The water level as a matter of classification was also formulated in Feng et al. (2020). Their approach included initially classifying images posted through social media, as ‘related’ and ‘not related’ to flood, while the related ones with the presence of people were further processed in order to classify the water level in respect to various parts of the human body that were submerged in the flooded water. As a case study they used Hurricane Harvey (2017). They used the DIRSM dataset extended by photos from other sources and consisted of 19,570 features. In general, their approach consisted of using various models, had little better precision and average precision scores calculated in cut-offs in comparison to previous approaches that had been applied during the MediaEval ’17 workshop. With regard to the estimation of water levels, the overall accuracy of their approach has impressively better metrics (overall accuracy of 89.2%), while by fusing their model with that of another method they achieved an overall accuracy of 90%. Finally they mapped the flooded area, by extracting the location of social media, and by using census administrative areas. They also manipulated the data with other sources, like remote sensing. By combining social media and remote sensing there was an increasing accuracy.
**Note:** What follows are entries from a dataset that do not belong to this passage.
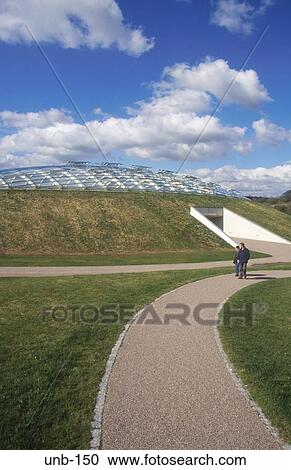 The Great Glasshouse National Botanical Gardens Wales UK View Large Photo Image Stock Image - The Great Glasshouse National Botanical Gardens Wales UK. Fotosearch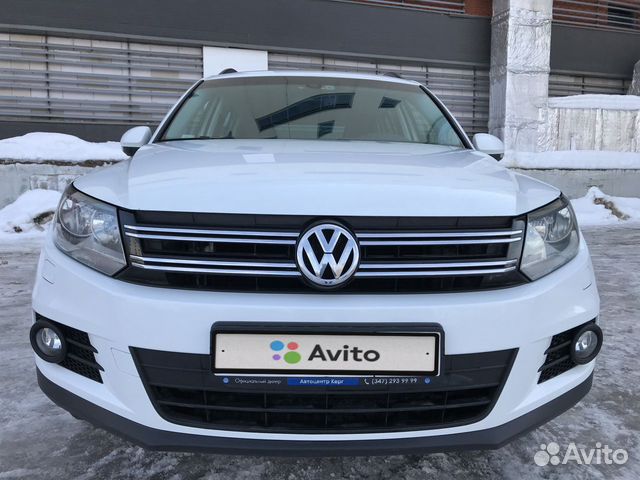 Volkswagen Tiguan 1.4 МТ, 2015, 76 000 км Volkswagen Tiguan 1.4 МТ, 2015, 76 000 км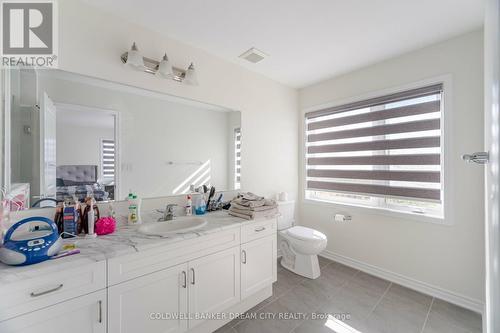 24 Callahan Court, Brampton, ON - Indoor Photo Showing Bathroom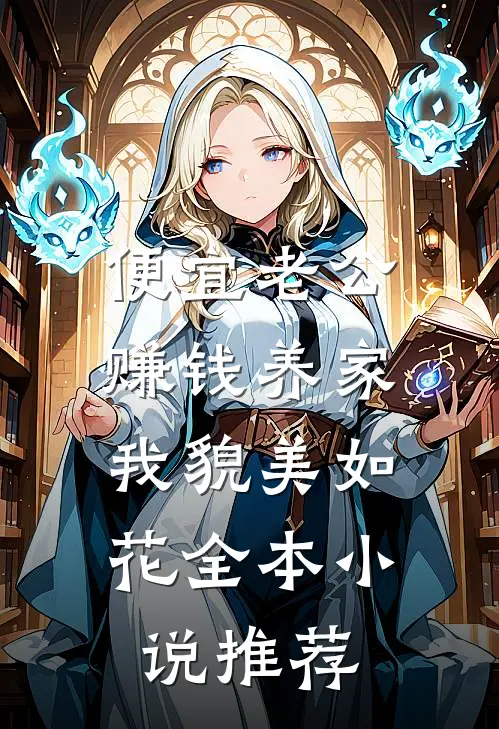 便宜老公赚钱养家，我貌美如花全本小说推荐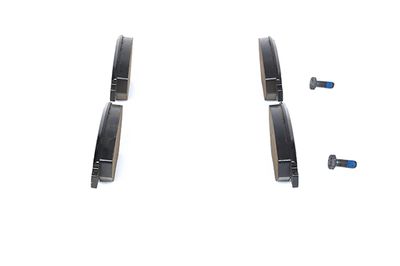 BREMSBELAGSATZ SCHEIBENBREMSE ATE 13047038142 20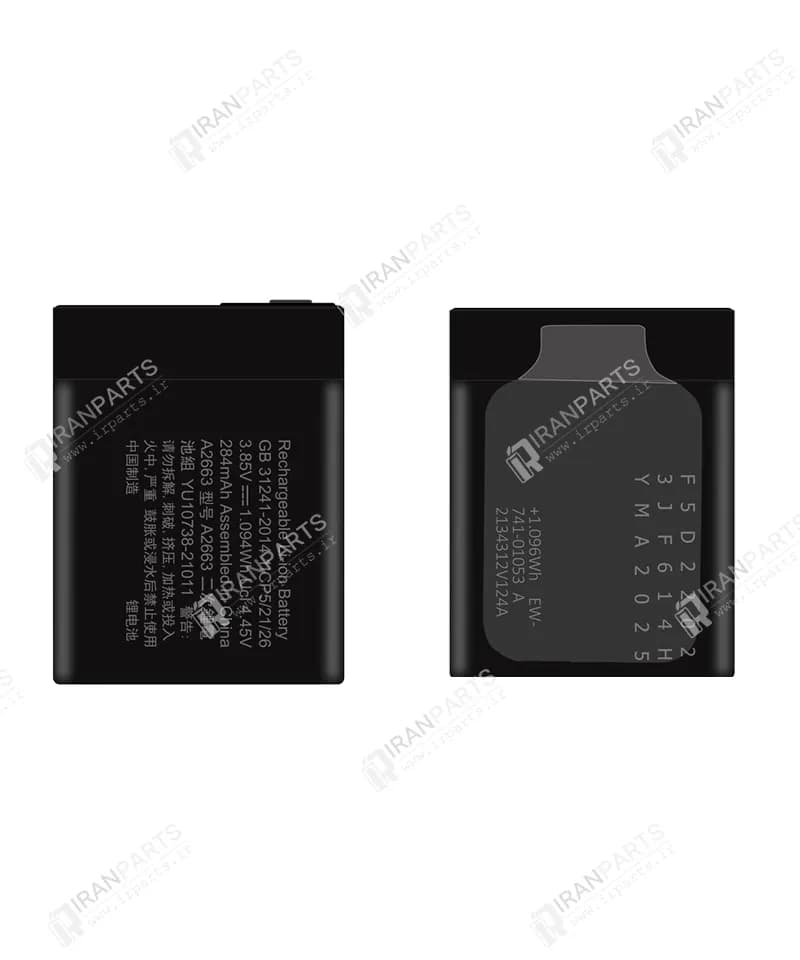 باتری اپل واچ سری 7 | Apple Watch S7 Battery — تصویر ۸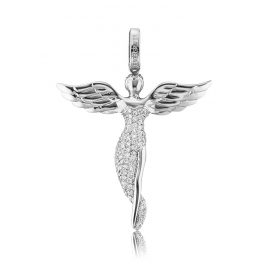Engelsrufer ERP-ANGEL-S Angel Pendant Silver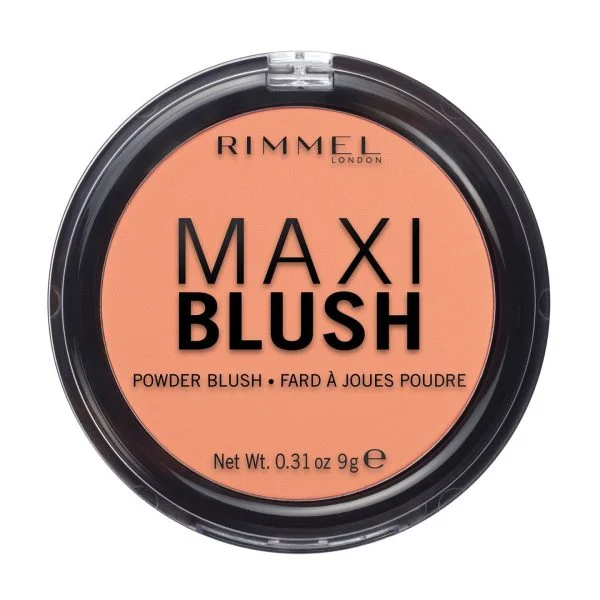 Rimmel Maxi Blush - Sweet Cheeks 004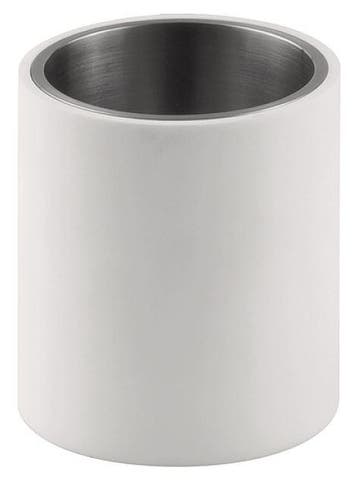 Tandenborstelhouder PIET BOON PB102 mat rvs/Corian, Verzenden, Nieuw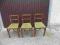 ładne krzesła  ART-DECO 5 szt. TANIO !!!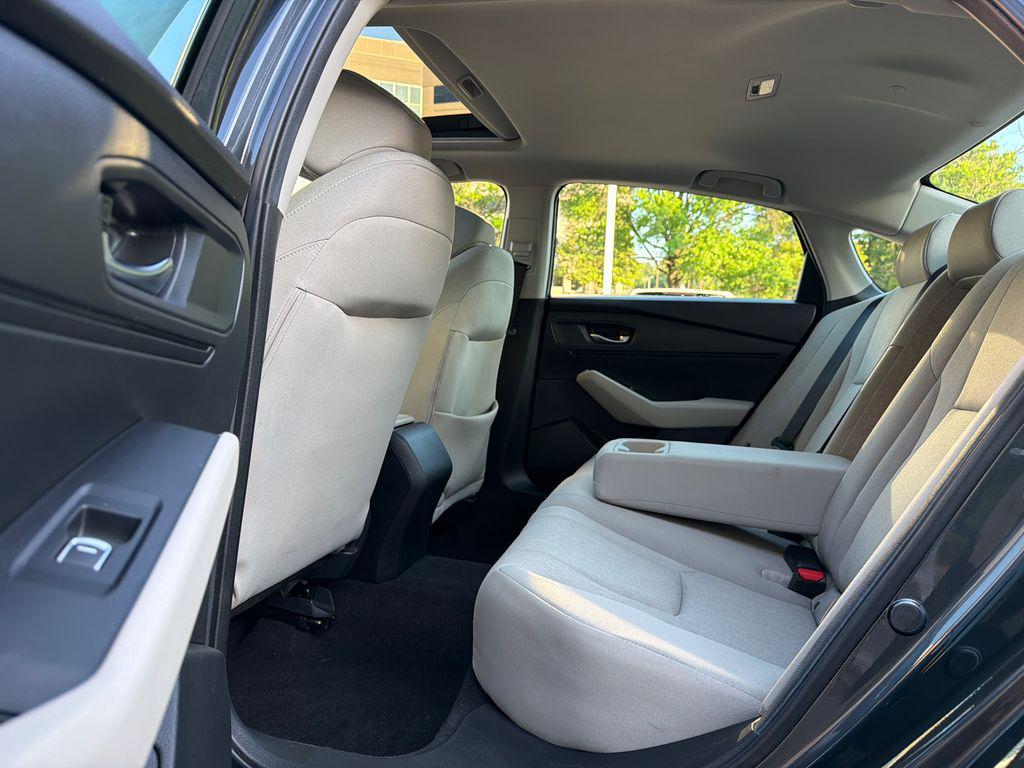 used 2024 Honda Accord car, priced at $25,499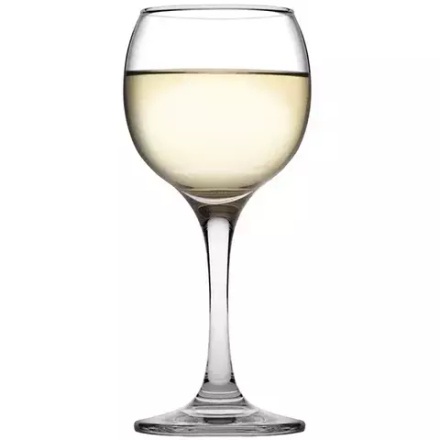 Бокал для вина «Ресто» стекло 225мл D=64,H=169мм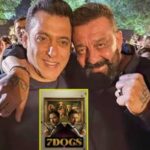7 Dogs salman Khan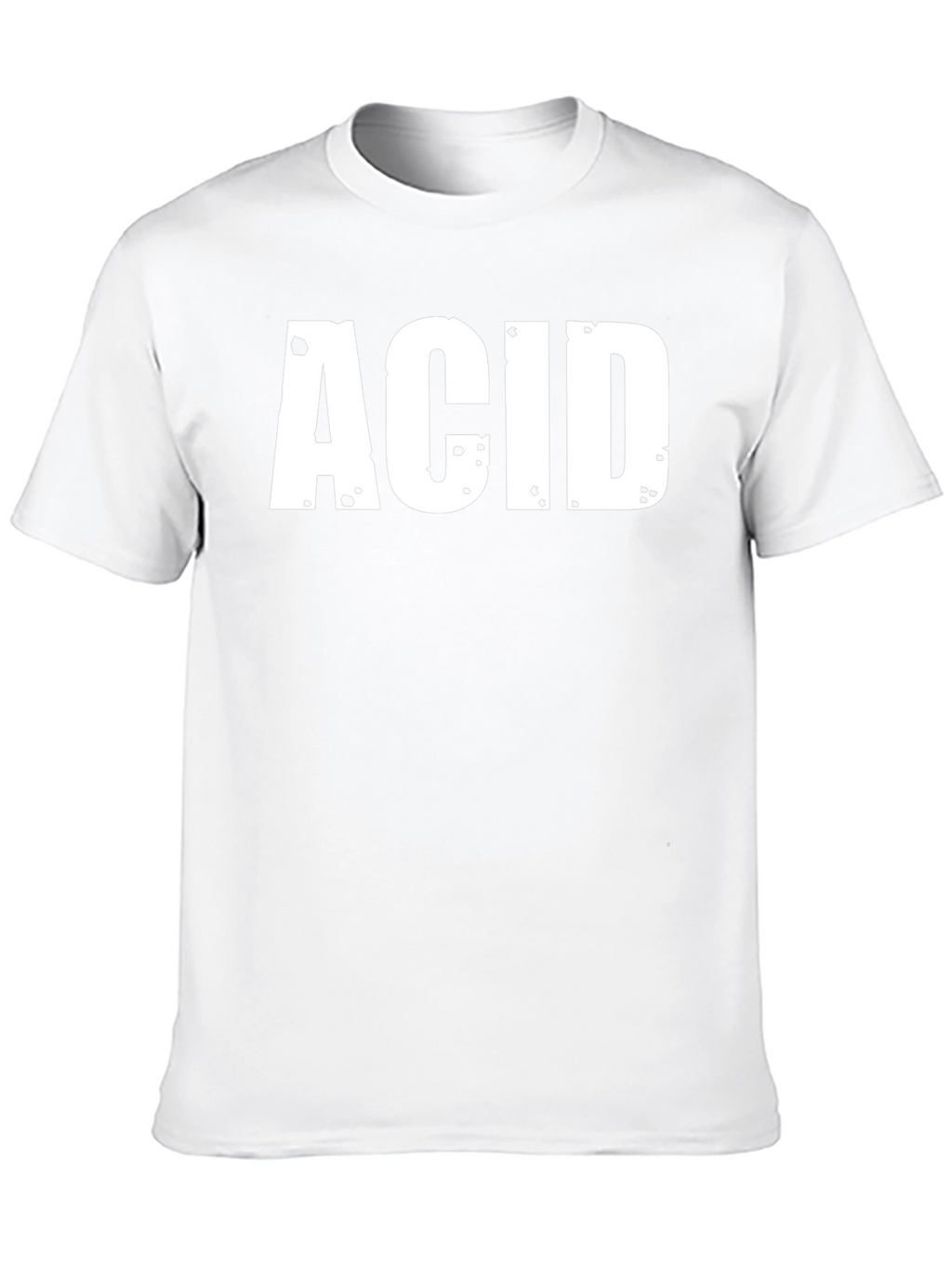 ACID Graphic Tee - Bold Statement T-Shirt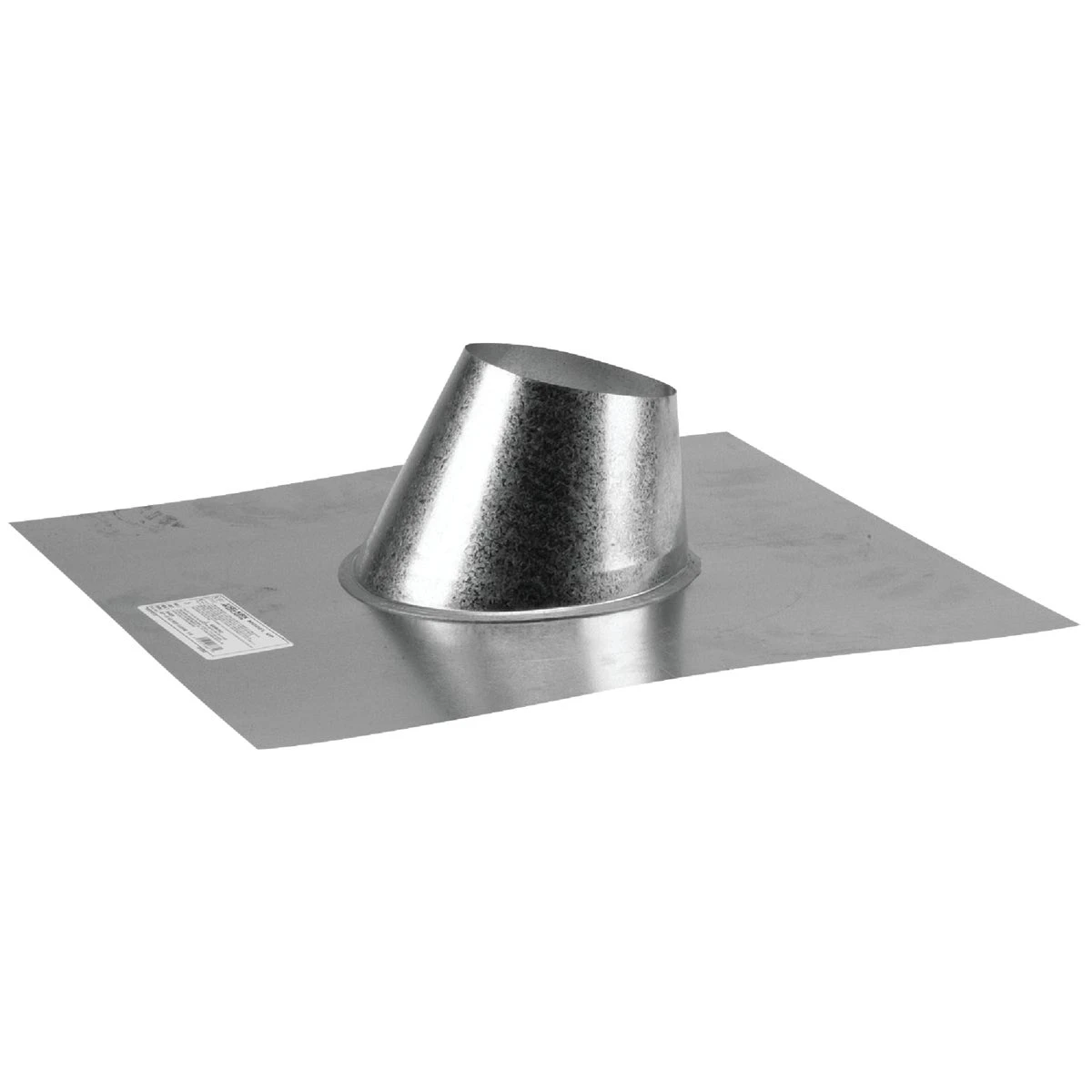 Vp Pellet Pipe 3-inch Adjustable Aluminum Roof Flashing For Pellet Stoves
One of the noted assumptions of combining remote sensing and social media is that the latter can contribute to identifying the severity of an event at an earlier time point.
Guo et al. (2025) assessed the contribution of social media to flood-related disasters by analysing posts from 2016 up to 2024 regarding urban flooding in Changsha, a city in South Central China, which is affected by flood events resulting from, among other factors, rapid urbanization, heavy rainfall, low topography and the Xiangjiang river. Their approach includes methods for extracting information from text and photos. Related information included flood locations and water depths. They also found positive correlation among the volume of the generated posts and various indicators, including population and seasonal rainfall. They performed the analysis within a prisma of a short-term and a long-term calendar time periods. During the first period, the posted information mostly relates to the response, while during the second period, the posts are concerned with prevention and governmental responsibilities. Yolo v5 was used for extracting information from photos. Other research is also available that deals with, among others, the potential of social media to contribute to identifying urban waterlogging (Chen et al. 2023).